De son secret, il ne nous a pas encore tout livré. Peut-être ne le fera-t-il jamais. C’est son choix. C’est son droit.
Mais depuis qu’il nous a confié une partie de ses blessures, je comprends mieux pourquoi il prend tant plaisir à voir sa famille se réunir. Pourquoi il est si fier de ses enfants, de ses petits enfants. Un peu comme s’il tenait enfin une revanche sur son enfance, comme s’il avait réussi à mener à bien ce but dans la vie, celui de réussir là où d’autres ont failli.
Et parfois, alors que nous sommes toutes et tous réuni-e-s autours de la table familiale, il se met en retrait et nous observe, un sourire sur les lèvres, les yeux brillants.
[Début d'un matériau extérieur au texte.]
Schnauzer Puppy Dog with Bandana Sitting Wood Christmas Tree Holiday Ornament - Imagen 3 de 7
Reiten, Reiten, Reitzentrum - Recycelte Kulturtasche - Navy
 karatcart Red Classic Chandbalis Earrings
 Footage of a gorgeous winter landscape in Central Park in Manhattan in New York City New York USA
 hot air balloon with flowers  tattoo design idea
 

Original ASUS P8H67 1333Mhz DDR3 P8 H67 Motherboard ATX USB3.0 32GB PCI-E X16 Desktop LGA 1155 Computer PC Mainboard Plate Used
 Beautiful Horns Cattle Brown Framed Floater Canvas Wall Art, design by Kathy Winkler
Quand je le vois comme ça, j’imagine que si son cœur pouvait projeter une lumière, elle inonderait la pièce de sa douce bienveillance. Elle se propagerait à toute la maison, à toute la ville, à toute la terre et elle monterait dans le ciel. Haut.Très, très haut. Jusque dans les étoiles et qui sait, peut-être jusqu’à celle dont il pense qu’elle a veillé sur lui…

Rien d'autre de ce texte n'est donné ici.